Ha! Is it? Well, the lineup looked half "huh" and half "Beirut/Iron and Wine/Blitz the Ambassador," you know? Like, I get it. Plus, you already know this about me, but I go iiiin for a music festival. It is my natural habitat, or was. This one was very, very different! "Countries are Different" could be the slogan for this trip.
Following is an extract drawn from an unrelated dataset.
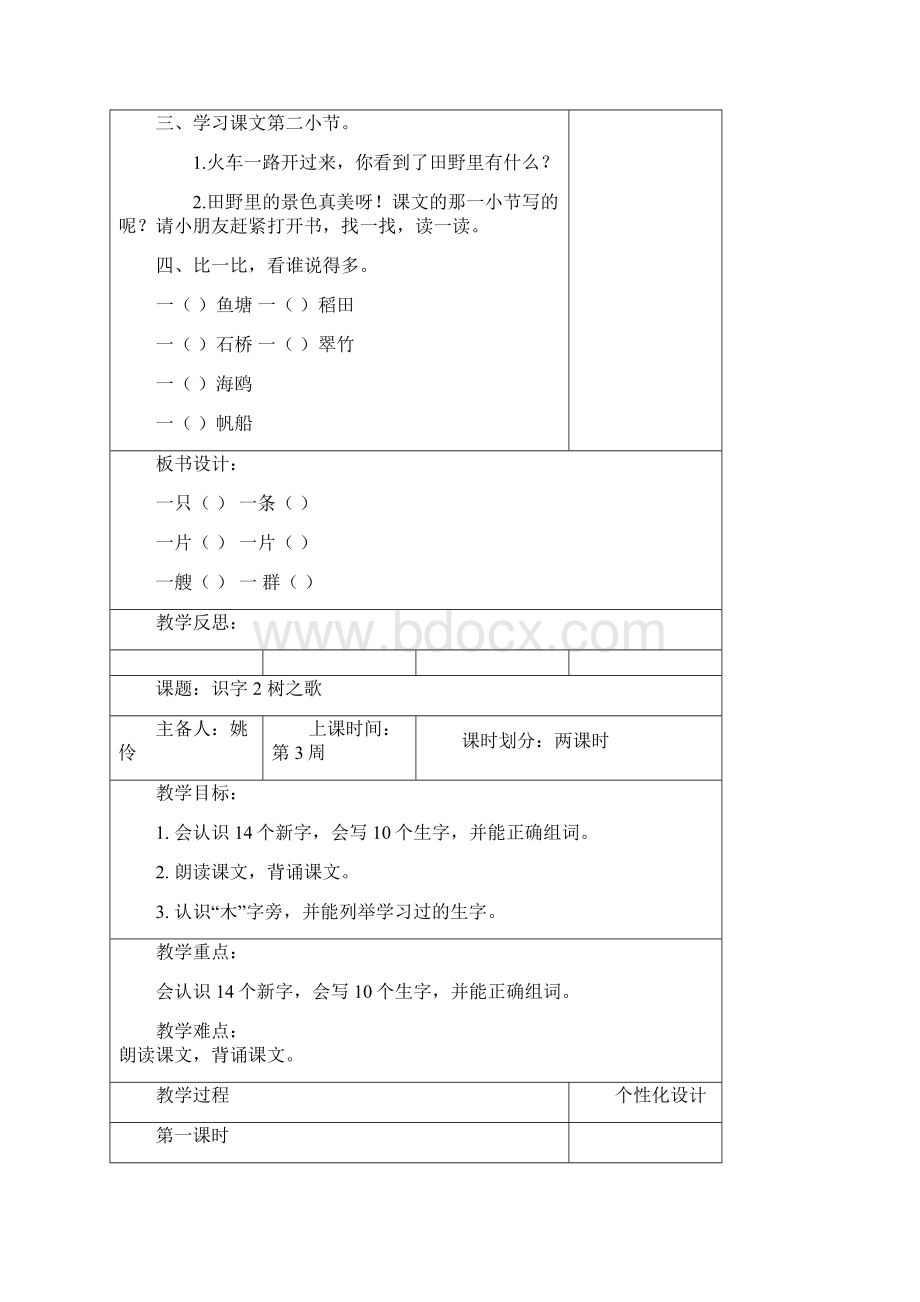 二年级上册语文教案第二单元.docx_第3页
So yeah, I spent four days in and out of the Calgary Folk Music Festival. There were six stages spread out over the lovely little Prince's Island situated just north of downtown — and by "just" I mean yards. Calgary is a totally walkable city. Anyway, they made the festival kind of interesting by not only having everyone do one or two solo shows over the course of the long weekend, but also most musicians participated in multiple "workshops" which were basically jam sessions with other acts. I liked those the best since you could sit in one place and see a handful of musicians you've never heard of rather than running from tent to tent. Here's a terrible-sounding video I took of my favorite workshop. Rae Spoon is the singer, this dude Shad is a guitarist and rapper, Shooglenifty is the unfortunately named duo with the fiddle and I think mandolin over on the end? And then there were a few other people whose names I didn't catch. Oh, but first, why is the sound so bad? Well, there's a "no standing" rule at the festival so that everyone can see — which is like WHAT? NO STANDING AT A CONCERT? Countries are Different. — and I had to perch off to the side which was near the speakers. Some tents had tiny, signed, gated "Dancing Areas" on the sides. Anyway, listen to Rae Spoon's voice (and here's a studio version of this incredible song):
I could just listen to this all day. Rae was definitely the best thing that happened to me in Calgary.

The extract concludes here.